3.4. Angle and Distance & TLS Metrics

Correlations between reflectance and fuel moisture were comparable between the FARO and RIEGL units. However, beyond a distance of 3 m, the time-of-flight RIEGL unit performed much better than the FARO did at modeling fuel moisture. While the relationship deteriorated with distance for the RIEGL unit, the rate of deterioration was much lower than that of the FARO unit. Deterioration was related to the distance, the angle of incidence (Figure 4), and the footprint size (Table 2).

An ANCOVA test was performed to determine if the coefficients of the mean intensity values vs. the moisture content of the 45° and 90° control samples differed significantly from those of the 0° control samples. The normalized linear broken stick model coefficients are presented in the Supplemental Table S1, noting the coefficient values that were significantly different from the coefficient values of 0° samples. With the notable exception of the FARO data at 3 m, there was no significant difference between the coefficients for the 0° and 45° intensity values.

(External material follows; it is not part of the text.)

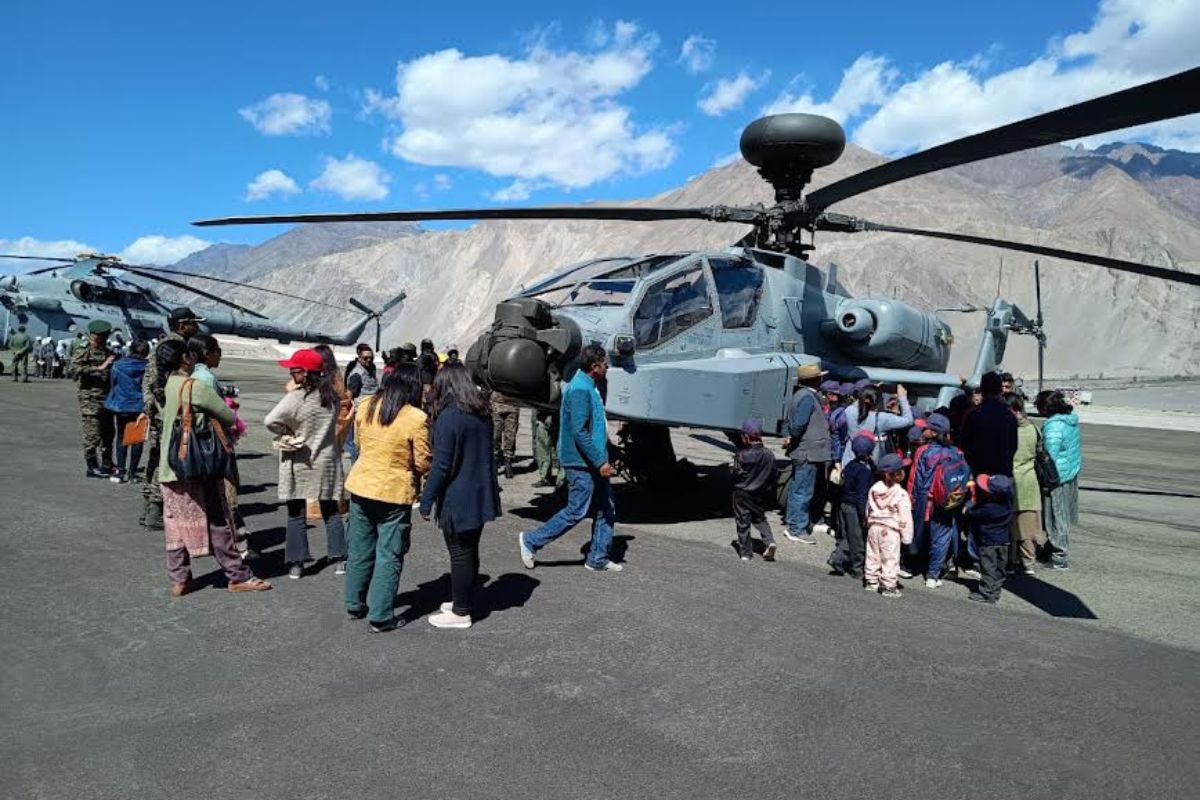 On its 91st anniversary, IAF displays modern helicopters in Ladakh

In general, the coefficients did not significantly change until the samples were at an angle greater than 45°.

3.5. Model Coefficients

The coefficient of determination for the final broken stick models ranged from 0.98 for the southern red oak and fabric mesh samples at the 3 m distance to 0.07 for the long leaf pine at 12 m. With few exceptions, the regression models of the reflectance values from the TOF RIEGL unit had stronger model fits than those of the PS FARO unit, especially at the further distances (Table 4). A comprehensive table of the coefficients and R² values for the non-normalized data is included in Supplementary Table S2. Each sample type at each distance with moisture levels before and after the break in the regression line, using a multiple linear regression model for mean and SD reflectance, is shown below.

4. Discussion

In this laboratory-based study, we quantified changes in fuel moisture using active sensor laser pulses at set distances from two 1550 nm lidar units. Beyond determining that lidar intensity returns can be used to estimate fuel moisture levels, we also determined that time-of-flight and phase-shift lidar units can both effectively measure changes in moisture in litter fuel beds. These findings corroborate those of studies that have used lidar to determine material characteristics using the intensity of return values [72,73]. They are also in line with those of numerous studies that have utilized dual-band TLS point clouds to determine live leaf moisture content [55,56,58]. However, this study provides an important new perspective on using a single wavelength TLS unit to determine the moisture content of wildland fuels. While we limited our study to common forest litter types, this study is an important step in utilizing active sensors to relate the spectral qualities of wildland fuels to fuel moisture while also capturing three-dimensional positional information.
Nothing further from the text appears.